Okay, that last section pretty much had nothing to do with what I want to say but it sets the stage for introspection a lot of folks can get into.

holidays give you time to think

When people aren’t partying or gorging themselves with food, holidays give them a chance to break from the routine of work or school to think about where they’re at in life. This can be good and bad.

It’s good when it let’s you spend time with family and friends so you appreciate the hell out of them. Good health, a new Ginsu cutlery set, that puppy you got for Christmas cuz you made your significant other watch that MSPCA commercial (seriously, they’re on 5 times a day). These are things you realize you take for granted and are thankful for. Outcome: Smiley Face.

It’s bad when you focus on all the things you don’t have. Kate Beckinsale as your significant other, a 20-bedroom mansion, the ability to dunk without lowering your outdoor basketball hoop. These are things that will get you down so much that you end up chugging Mountain Dew and eating Cheetos until your gums go numb. Outcome: Frowny Sloth Face.

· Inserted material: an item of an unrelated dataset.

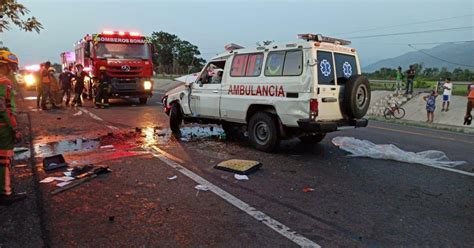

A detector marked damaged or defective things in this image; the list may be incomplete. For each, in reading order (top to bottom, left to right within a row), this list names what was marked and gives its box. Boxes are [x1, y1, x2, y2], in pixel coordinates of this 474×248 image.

shattered windshield [94, 43, 150, 59]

We have few moments to relax and focus on making ourselves happy. Either figure out ways to up the number of these moments (recommended) or if that’s not possible right now, use the best of your free time to turn “sloth face” into “smiley face”.

And when in doubt, remember this credo:


Don’t Forget To Breathe

1Take a step back to stop what you’re doing, cut out all the noise, and spend a minute to think about where your life’s at right now. Be grateful for your family. Be grateful for your friends. Be grateful for the good things that’ve happened to you. For those who are less fortunate, always know there are people wanting to help. You only have to shout a bit louder and maybe knock twice since we can be hard of hearing.

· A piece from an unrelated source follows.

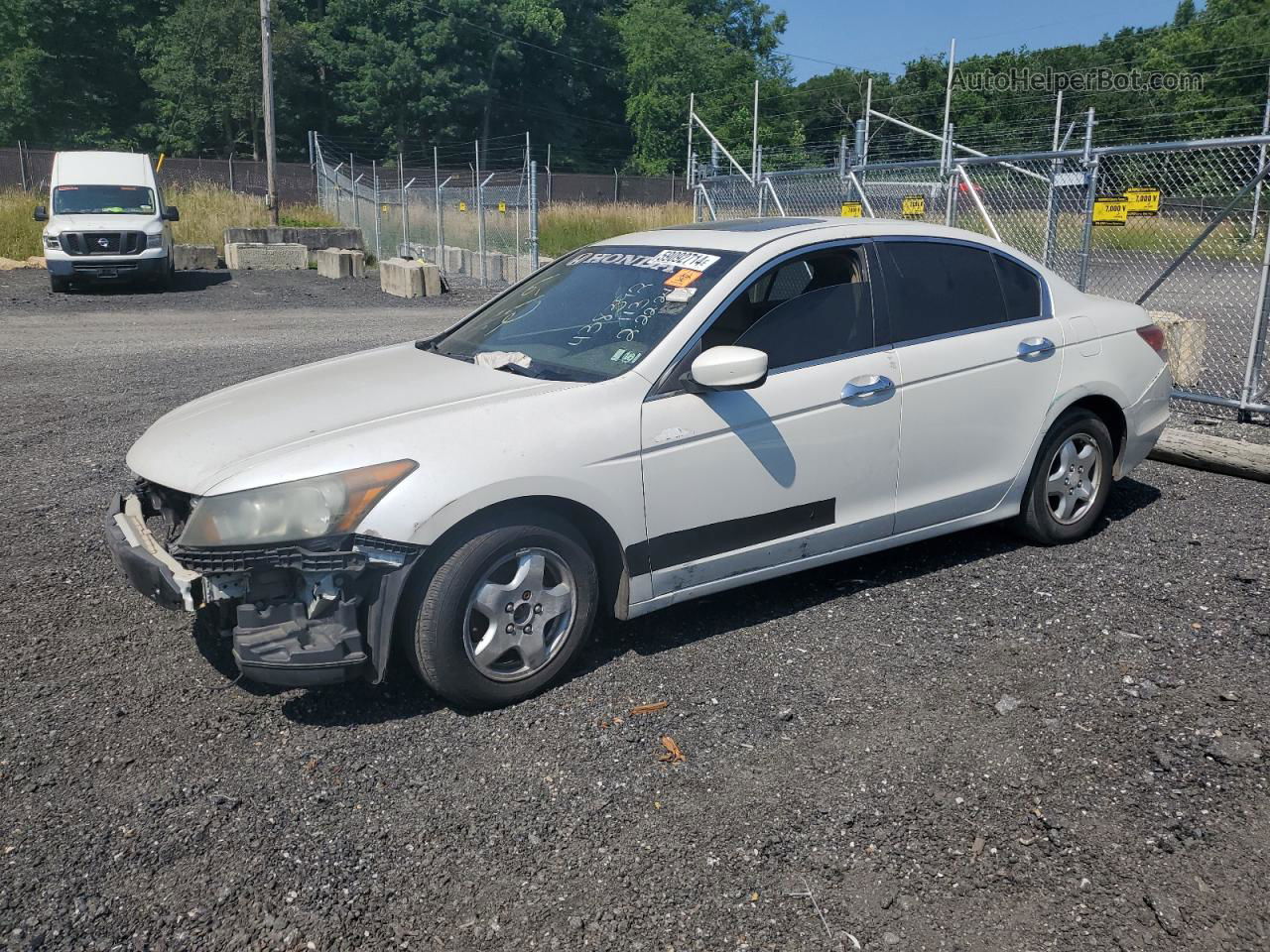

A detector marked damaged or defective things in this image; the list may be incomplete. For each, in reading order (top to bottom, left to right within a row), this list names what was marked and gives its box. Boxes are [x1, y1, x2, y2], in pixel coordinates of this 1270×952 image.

front bumper damage [104, 492, 421, 682]
cracked headlight [178, 460, 417, 547]
damaged white sedan [109, 217, 1175, 706]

“The sweet is never as sweet without the sour.”

The gist of this saying is that we’re constantly given opportunities to make our lives better. It’s just a matter of what we do with those open windows and remembering not to take them for granted. Whether you’re trying to get ahead in your career, meet that special someone, or just trying to make ends meet, the key to staying happy is being grateful for what we’ve got and staying positive while we try to get more.

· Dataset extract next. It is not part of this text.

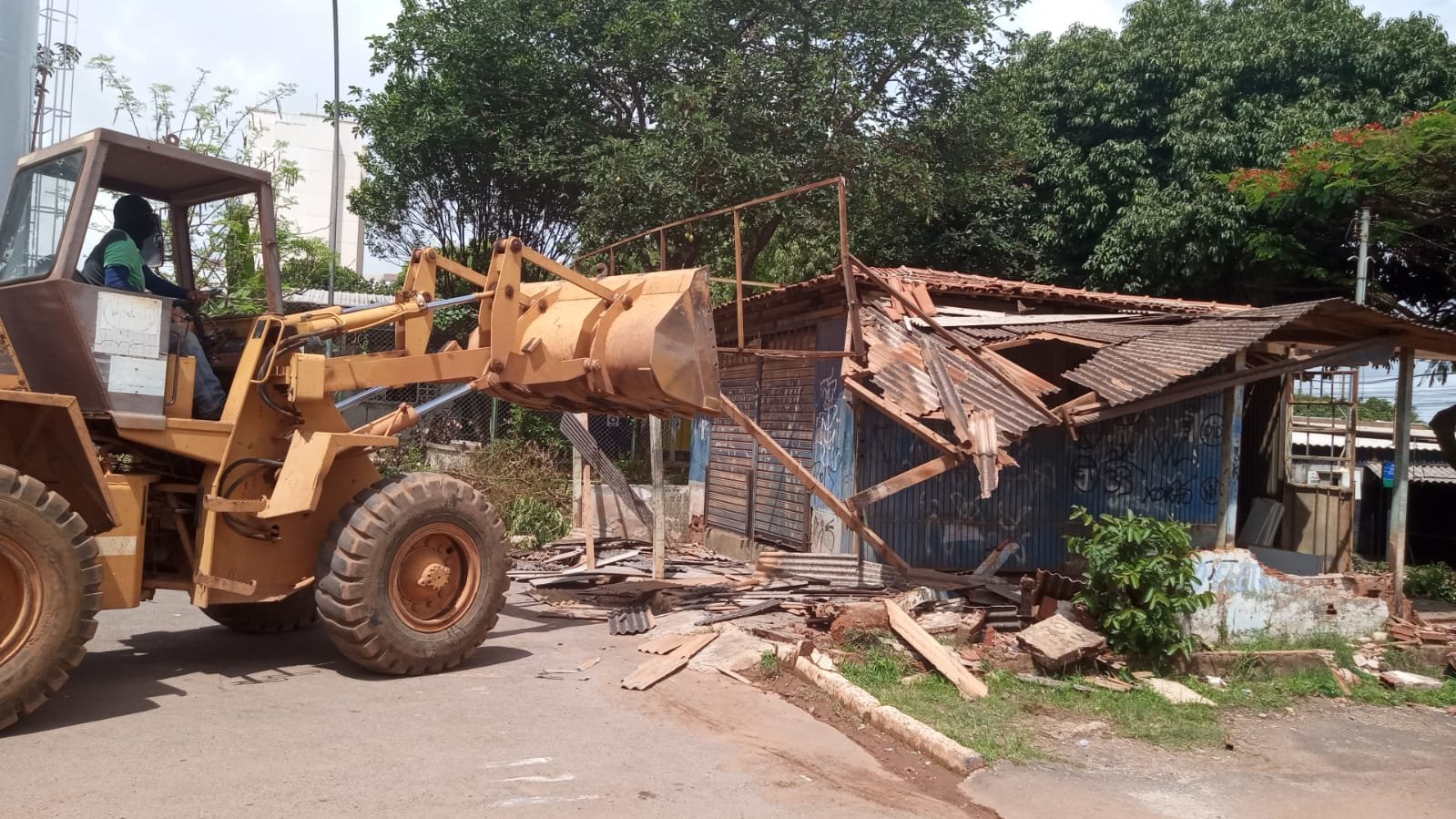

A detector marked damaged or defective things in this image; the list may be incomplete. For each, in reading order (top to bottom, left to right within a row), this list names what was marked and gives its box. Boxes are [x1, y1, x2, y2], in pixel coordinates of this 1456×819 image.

rusted corrugated panel [1071, 312, 1287, 402]
broken wooden rafter [718, 393, 908, 571]
rusty wheel rim [0, 538, 41, 667]
rusty wheel rim [384, 521, 480, 632]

Take a step back to figure out specific ways to do this and remember to do them on a regular basis. It may be as simple as blocking out ten minutes everyday to think about things that happened, calling someone to shoot the breeze, or stepping outside for fresh air breaks to take in what’s around you. Otherwise, you forget to remove yourself every once in awhile and do some plain old thinking.

Just make sure that you’ve got a healthy balance of the happy and the harsh. If you’re constantly stressed out, depressed, or miserable you’ve got to reassess what’s going on. Is there an end goal that’s good? Is it worth the pain you’re going through? Don’t just go through the motions and live the rest of your life like that – talk to people and make a change.

Then remind yourself that periodic challenges are stepping stones to good ones and that help is always around when you need it. Recognizing this fact will help you become grateful for even the tough times and helps you enjoy the good stuff more deeply.

Now take a step forward and add some happy to your life.